Canada businesses impatient for China growth as Harper promotes trade ties
By Andrea Hopkins
HANGZHOU, China Nov 7 (Reuters) - Canadian Prime Minister Stephen Harper kicked off his trade mission to China on Friday facing criticism from businesses that the troubled diplomatic relationship between the two nations has hampered their efforts to tap China's burgeoning market.
Harper, on his first visit to China in two years, announced the opening of four new trade offices in the cities of Hangzhou, Xian, Xiamen and Tianjin to help the entry of Canadian businesses into the fastest growing regions of China.

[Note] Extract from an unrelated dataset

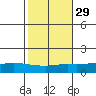 Lower Hall Landing tide chart for Tuesday, October 29, 2024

The trip is Harper's third to China since he took office in 2006. But as he kicked off a conference bringing together Chinese and Canadian executives looking to do business with each other, some Canadian executives said political and economic irritants between the two countries have made it hard to keep pace with competitors in other countries.
"Any time there are those geopolitical things that are beyond the control of the businessman ... it slows things down big time," said David Curtis, president and CEO of Viking Air Ltd, a British Columbia-based company that makes small seaplanes.
Curtis said China, with hundreds of cities near waterways, offers a "huge" opportunity for his company, but he has been stymied by slow progress trying to get the company's Twin Otter seaplane certified in China - though it is already certified in 75 other countries.
He said other nations appear to understand that government-to-government interaction is especially important in China, while Canada neglects the relationship.
"You can bet our colleagues to the south in the United States, in France, in Brazil, their political leaders - whether mayors or the prime minister or the president - are talking aerospace, and it is so important. We need to have our products front and center, and the politicians talking about it," he said.
China is Canada's second-largest trading partner after the United States. In 2013, two-way merchandise trade between the countries reached C$73.2 billion ($64 billion), accounting for 7.7 per cent of Canada's total merchandise trade. Continued...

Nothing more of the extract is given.